All States Life Insurance Company v. Smith

In an action on an insurance policy by the beneficiary named therein, where the petition does not show that the policy was procured by and issued to the insured, and does not show that the beneficiary has an insurable interest in the life of the insured other than by reason of being a cousin of the insured, the petition is subject to general demurrer.

DECIDED SEPTEMBER 24, 1942. Janie Smith sued the All States Life Insurance Company on a policy of life insurance in which she was named beneficiary. In her petition she alleged that the company issued the policy on the life of the insured; that she was named beneficiary; that the insured died on a named date, and that the policy had become due and payable under its terms. The copy of the policy attached to the petition did not show to whom the policy was issued, or who was to pay the premiums. It did show that the insured was fifteen years old and that the proposed beneficiary was a cousin of the insured. The company demurred generally to the petition and the exception here is to the order overruling its general demurrer.

We think this case is controlled by Guaranty Life InsuranceCo. v. Graham, 58 Ga. App. 767 (199 S.E. 829). That case follows Gulf Life Insurance Co. v. Davis, 52 Ga. App. 464 (183 S.E. 640). The two cases are different in that in theDavis case it appeared from the petition that the beneficiary procured the insurance on the life of the insured, and there was no allegation that he had an insurable interest, and an examination of the Graham case discloses that the petition did not allege to whom *Page 43 the policy was issued, or who procured it, and to all intents and purposes the Graham case is identical with the case at bar.
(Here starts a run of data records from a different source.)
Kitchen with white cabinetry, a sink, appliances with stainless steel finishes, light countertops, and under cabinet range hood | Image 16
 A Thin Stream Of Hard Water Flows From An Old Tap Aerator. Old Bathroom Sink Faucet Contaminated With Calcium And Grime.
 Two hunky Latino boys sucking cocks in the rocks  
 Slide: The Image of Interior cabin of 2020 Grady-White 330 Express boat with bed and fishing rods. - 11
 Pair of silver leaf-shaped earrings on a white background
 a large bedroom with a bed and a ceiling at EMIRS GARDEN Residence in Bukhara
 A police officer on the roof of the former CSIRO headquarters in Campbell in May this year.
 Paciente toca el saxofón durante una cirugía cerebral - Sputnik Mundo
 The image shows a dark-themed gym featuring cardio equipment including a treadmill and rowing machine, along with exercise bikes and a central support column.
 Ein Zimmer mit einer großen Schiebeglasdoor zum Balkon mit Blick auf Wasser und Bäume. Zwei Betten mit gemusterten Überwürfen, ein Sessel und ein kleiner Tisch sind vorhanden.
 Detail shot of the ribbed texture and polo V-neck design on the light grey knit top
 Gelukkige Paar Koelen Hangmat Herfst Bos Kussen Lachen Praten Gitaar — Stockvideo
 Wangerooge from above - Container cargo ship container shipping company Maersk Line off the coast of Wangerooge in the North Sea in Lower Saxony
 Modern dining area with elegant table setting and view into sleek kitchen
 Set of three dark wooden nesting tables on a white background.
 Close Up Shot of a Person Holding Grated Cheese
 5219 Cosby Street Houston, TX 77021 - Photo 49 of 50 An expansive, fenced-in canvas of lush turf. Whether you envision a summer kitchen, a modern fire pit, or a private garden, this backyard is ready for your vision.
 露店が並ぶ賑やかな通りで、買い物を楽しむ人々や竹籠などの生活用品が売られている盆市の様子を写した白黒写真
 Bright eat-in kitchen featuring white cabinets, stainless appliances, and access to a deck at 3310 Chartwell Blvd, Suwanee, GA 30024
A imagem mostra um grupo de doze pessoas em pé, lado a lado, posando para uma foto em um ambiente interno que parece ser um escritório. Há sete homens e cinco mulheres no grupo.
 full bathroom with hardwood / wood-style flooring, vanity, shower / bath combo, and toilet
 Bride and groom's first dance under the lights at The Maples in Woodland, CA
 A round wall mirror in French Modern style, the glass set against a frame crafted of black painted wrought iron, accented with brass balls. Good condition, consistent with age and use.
Even in the Davis case this court said: "Where it merely appeared that a policy on her life was issued by the defendant, naming the plaintiff as beneficiary, the petition should have been dismissed on general demurrer." A case apparently to the contrary is Illinois Life Insurance Co. v. Connell, 8 Ga. App. 683 (70 S.E. 107), where the court said: "A petition alleging that an insurance company, in consideration of the premiums paid and to be paid, made to the petitioner, who was named as the beneficiary therein, a policy of insurance for a named amount, upon the life of a named person who had died, and that the petitioner had furnished proofs of death, etc., . . set forth a cause of action." (Italics ours.) An examination of the record in that case, however, discloses that the beneficiary was the wife of the insured, and that she filed an amendment to her petition alleging that she was the sole heir at law of the insured. This amendment, if not the relationship of the parties, satisfied the requirement that the interest of the beneficiary in the life of the insured should be alleged. The beneficiary has at least equal means of knowing whether the policy was taken out and paid for by the beneficiary or the insured, and the interest of the beneficiary in the life of the insured is known to the beneficiary and possibly not to the company. It follows that the court erred in overruling the demurrer to the petition.

Judgment reversed. Stephens, P. J., and Sutton, J., concur.